# [Your task]
Each line below should be restated exactly, with nothing dropped.

____ Given information

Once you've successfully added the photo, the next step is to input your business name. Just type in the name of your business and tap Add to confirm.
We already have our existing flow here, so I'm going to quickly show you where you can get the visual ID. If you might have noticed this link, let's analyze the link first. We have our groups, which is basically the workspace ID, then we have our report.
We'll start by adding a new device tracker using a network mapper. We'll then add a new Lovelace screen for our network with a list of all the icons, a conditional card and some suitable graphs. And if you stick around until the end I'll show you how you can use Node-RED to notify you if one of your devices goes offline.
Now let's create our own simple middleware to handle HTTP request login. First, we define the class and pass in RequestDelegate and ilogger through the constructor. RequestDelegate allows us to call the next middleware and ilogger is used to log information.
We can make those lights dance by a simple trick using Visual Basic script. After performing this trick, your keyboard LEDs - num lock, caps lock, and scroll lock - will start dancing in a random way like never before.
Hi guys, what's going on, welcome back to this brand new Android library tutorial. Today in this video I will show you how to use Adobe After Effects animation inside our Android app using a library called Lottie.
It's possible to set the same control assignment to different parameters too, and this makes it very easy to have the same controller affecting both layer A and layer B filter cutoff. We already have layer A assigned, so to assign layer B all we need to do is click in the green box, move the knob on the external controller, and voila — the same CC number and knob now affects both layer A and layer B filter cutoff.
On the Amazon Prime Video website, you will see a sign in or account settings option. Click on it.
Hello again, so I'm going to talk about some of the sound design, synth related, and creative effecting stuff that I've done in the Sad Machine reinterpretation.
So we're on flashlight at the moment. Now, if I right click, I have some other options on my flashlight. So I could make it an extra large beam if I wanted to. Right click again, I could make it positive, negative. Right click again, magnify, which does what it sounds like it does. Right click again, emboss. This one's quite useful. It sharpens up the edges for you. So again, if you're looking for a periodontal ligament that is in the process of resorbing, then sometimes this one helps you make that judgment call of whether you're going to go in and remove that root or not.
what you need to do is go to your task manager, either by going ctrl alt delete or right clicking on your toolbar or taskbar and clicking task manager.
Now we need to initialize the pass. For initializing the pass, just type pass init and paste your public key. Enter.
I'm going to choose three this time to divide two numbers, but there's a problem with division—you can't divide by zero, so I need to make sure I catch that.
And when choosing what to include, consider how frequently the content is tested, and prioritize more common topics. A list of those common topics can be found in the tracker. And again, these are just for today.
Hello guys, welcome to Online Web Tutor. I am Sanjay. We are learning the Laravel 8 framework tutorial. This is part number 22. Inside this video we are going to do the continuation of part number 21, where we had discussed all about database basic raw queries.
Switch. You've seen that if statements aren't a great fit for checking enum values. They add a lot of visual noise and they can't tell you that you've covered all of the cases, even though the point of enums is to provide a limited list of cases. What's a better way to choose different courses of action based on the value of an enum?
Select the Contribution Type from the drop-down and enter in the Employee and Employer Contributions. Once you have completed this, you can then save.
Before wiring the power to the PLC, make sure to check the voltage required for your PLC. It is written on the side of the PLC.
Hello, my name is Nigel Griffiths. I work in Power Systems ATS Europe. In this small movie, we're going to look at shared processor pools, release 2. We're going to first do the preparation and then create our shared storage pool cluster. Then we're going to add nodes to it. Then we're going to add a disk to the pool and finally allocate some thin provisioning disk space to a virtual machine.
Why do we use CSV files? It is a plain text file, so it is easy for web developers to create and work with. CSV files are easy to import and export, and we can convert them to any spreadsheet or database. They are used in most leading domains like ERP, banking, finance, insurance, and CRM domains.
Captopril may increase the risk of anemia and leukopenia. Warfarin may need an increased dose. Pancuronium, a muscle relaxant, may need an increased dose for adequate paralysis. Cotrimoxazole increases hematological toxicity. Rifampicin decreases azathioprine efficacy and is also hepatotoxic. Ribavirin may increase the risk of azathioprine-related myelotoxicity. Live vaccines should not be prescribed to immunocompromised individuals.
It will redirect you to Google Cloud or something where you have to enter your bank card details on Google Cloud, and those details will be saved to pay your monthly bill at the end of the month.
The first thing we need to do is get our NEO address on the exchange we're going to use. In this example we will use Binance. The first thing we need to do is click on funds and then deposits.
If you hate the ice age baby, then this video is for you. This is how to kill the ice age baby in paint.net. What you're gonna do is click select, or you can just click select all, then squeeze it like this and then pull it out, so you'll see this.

________

# [Answer for this exercise]
Once you've successfully added the photo, the next step is to input your business name. Just type in the name of your business and tap Add to confirm.
We already have our existing flow here, so I'm going to quickly show you where you can get the visual ID. If you might have noticed this link, let's analyze the link first. We have our groups, which is basically the workspace ID, then we have our report.
We'll start by adding a new device tracker using a network mapper. We'll then add a new Lovelace screen for our network with a list of all the icons, a conditional card and some suitable graphs. And if you stick around until the end I'll show you how you can use Node-RED to notify you if one of your devices goes offline.
Now let's create our own simple middleware to handle HTTP request login. First, we define the class and pass in RequestDelegate and ilogger through the constructor. RequestDelegate allows us to call the next middleware and ilogger is used to log information.
We can make those lights dance by a simple trick using Visual Basic script. After performing this trick, your keyboard LEDs - num lock, caps lock, and scroll lock - will start dancing in a random way like never before.
Hi guys, what's going on, welcome back to this brand new Android library tutorial. Today in this video I will show you how to use Adobe After Effects animation inside our Android app using a library called Lottie.
It's possible to set the same control assignment to different parameters too, and this makes it very easy to have the same controller affecting both layer A and layer B filter cutoff. We already have layer A assigned, so to assign layer B all we need to do is click in the green box, move the knob on the external controller, and voila — the same CC number and knob now affects both layer A and layer B filter cutoff.
On the Amazon Prime Video website, you will see a sign in or account settings option. Click on it.
Hello again, so I'm going to talk about some of the sound design, synth related, and creative effecting stuff that I've done in the Sad Machine reinterpretation.
So we're on flashlight at the moment. Now, if I right click, I have some other options on my flashlight. So I could make it an extra large beam if I wanted to. Right click again, I could make it positive, negative. Right click again, magnify, which does what it sounds like it does. Right click again, emboss. This one's quite useful. It sharpens up the edges for you. So again, if you're looking for a periodontal ligament that is in the process of resorbing, then sometimes this one helps you make that judgment call of whether you're going to go in and remove that root or not.
what you need to do is go to your task manager, either by going ctrl alt delete or right clicking on your toolbar or taskbar and clicking task manager.
Now we need to initialize the pass. For initializing the pass, just type pass init and paste your public key. Enter.
I'm going to choose three this time to divide two numbers, but there's a problem with division—you can't divide by zero, so I need to make sure I catch that.
And when choosing what to include, consider how frequently the content is tested, and prioritize more common topics. A list of those common topics can be found in the tracker. And again, these are just for today.
Hello guys, welcome to Online Web Tutor. I am Sanjay. We are learning the Laravel 8 framework tutorial. This is part number 22. Inside this video we are going to do the continuation of part number 21, where we had discussed all about database basic raw queries.
Switch. You've seen that if statements aren't a great fit for checking enum values. They add a lot of visual noise and they can't tell you that you've covered all of the cases, even though the point of enums is to provide a limited list of cases. What's a better way to choose different courses of action based on the value of an enum?
Select the Contribution Type from the drop-down and enter in the Employee and Employer Contributions. Once you have completed this, you can then save.
Before wiring the power to the PLC, make sure to check the voltage required for your PLC. It is written on the side of the PLC.
Hello, my name is Nigel Griffiths. I work in Power Systems ATS Europe. In this small movie, we're going to look at shared processor pools, release 2. We're going to first do the preparation and then create our shared storage pool cluster. Then we're going to add nodes to it. Then we're going to add a disk to the pool and finally allocate some thin provisioning disk space to a virtual machine.
Why do we use CSV files? It is a plain text file, so it is easy for web developers to create and work with. CSV files are easy to import and export, and we can convert them to any spreadsheet or database. They are used in most leading domains like ERP, banking, finance, insurance, and CRM domains.
Captopril may increase the risk of anemia and leukopenia. Warfarin may need an increased dose. Pancuronium, a muscle relaxant, may need an increased dose for adequate paralysis. Cotrimoxazole increases hematological toxicity. Rifampicin decreases azathioprine efficacy and is also hepatotoxic. Ribavirin may increase the risk of azathioprine-related myelotoxicity. Live vaccines should not be prescribed to immunocompromised individuals.
It will redirect you to Google Cloud or something where you have to enter your bank card details on Google Cloud, and those details will be saved to pay your monthly bill at the end of the month.
The first thing we need to do is get our NEO address on the exchange we're going to use. In this example we will use Binance. The first thing we need to do is click on funds and then deposits.
If you hate the ice age baby, then this video is for you. This is how to kill the ice age baby in paint.net. What you're gonna do is click select, or you can just click select all, then squeeze it like this and then pull it out, so you'll see this.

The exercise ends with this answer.